Bug information as a big picture
Information on bugs can be very useful for both testers and teams. Having information on the health of a product includes how many bugs it has and which of those the testers and product owners feel are non-negotiable for launch. Relating the number of new bugs in a sprint to a team might mean that in the sprints with more bugs, the team was pushing too hard to finish quickly, and quality slipped. By having a look at this information, the team can analyze the kinds of bugs and the numbers of bugs to decide whether the quality level versus the speed level is a bad thing. If this ratio is something the team, testers, and product owner are happy with, then all is good. If not, then a new negotiation needs to take place.
How long, on average, it takes a critical bug fix to go live can also be valuable information for a team. If it is really difficult and takes a long time, causing the team to release the last fifteen features and regression test for two weeks before they can release, then maybe there is a problem. If teams have this information and understand its impact, then they can work on solving the problem.
Knowing the overall health of the build or product is far more useful than knowing that you have ten unresolved bugs. Those ten bugs could be symptoms of something serious within the system, or they could be just minor text and UI changes that need to be implemented.
What’s wrong with bug counts?
The other day I was speaking to the product owner of an interesting project. He was complaining about the number of bugs logged that were essentially duplicates. We spoke for a bit about the kinds of bugs he was seeing, and I asked how the testers were measured. The testers were measured on bug counts. The metric had encouraged behavior that put the focus on completely the wrong things. The testers were concentrating on easy-to-find, visible UI bugs that could be logged separately per screen or per event to keep their counts up. They were not focusing at all on getting information about the product health as a whole because those tests take time and patience and intricate thinking to invent and run. And it’s those tests that provide valuable information if they yield any issues. When used as a measure in this way, the metric was totally driving the wrong behavior.

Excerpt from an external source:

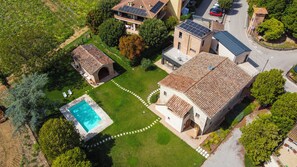 Ein Wohnhaus mit Schwimmbad, Garten und einer Solaranlage auf dem Dach.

The meaning in the metrics
Metrics come in all shapes: velocity; bug counts; code coverage; cycle time; live releases per sprint, week, or month; etc. These can all be valuable providers of information to the team to create visibility about unknown things. If the focus of the metric is only on how much or how many or how often, then I believe the value for the team becomes less. The wrong behaviors are rewarded and encouraged, and far too often, trust levels are affected. In my experience it is far more useful—and far less dysfunctional—to pay attention to the meaning and the nuances rather than just the numbers.
User Comments
The testing literature warns against using bug counts to assess testers. Here's another way that bug counting can give a mistaken impression. Many years ago I worked in a shop with a weak tester. This person was not let go by the company for a long time because they were assigned to test part of the code that was very poorly written. Though the tester was unskillful, the person could not help but find a large number of bugs. Later, a new director was hired who ended the practice of using bug counts to rate tester ability.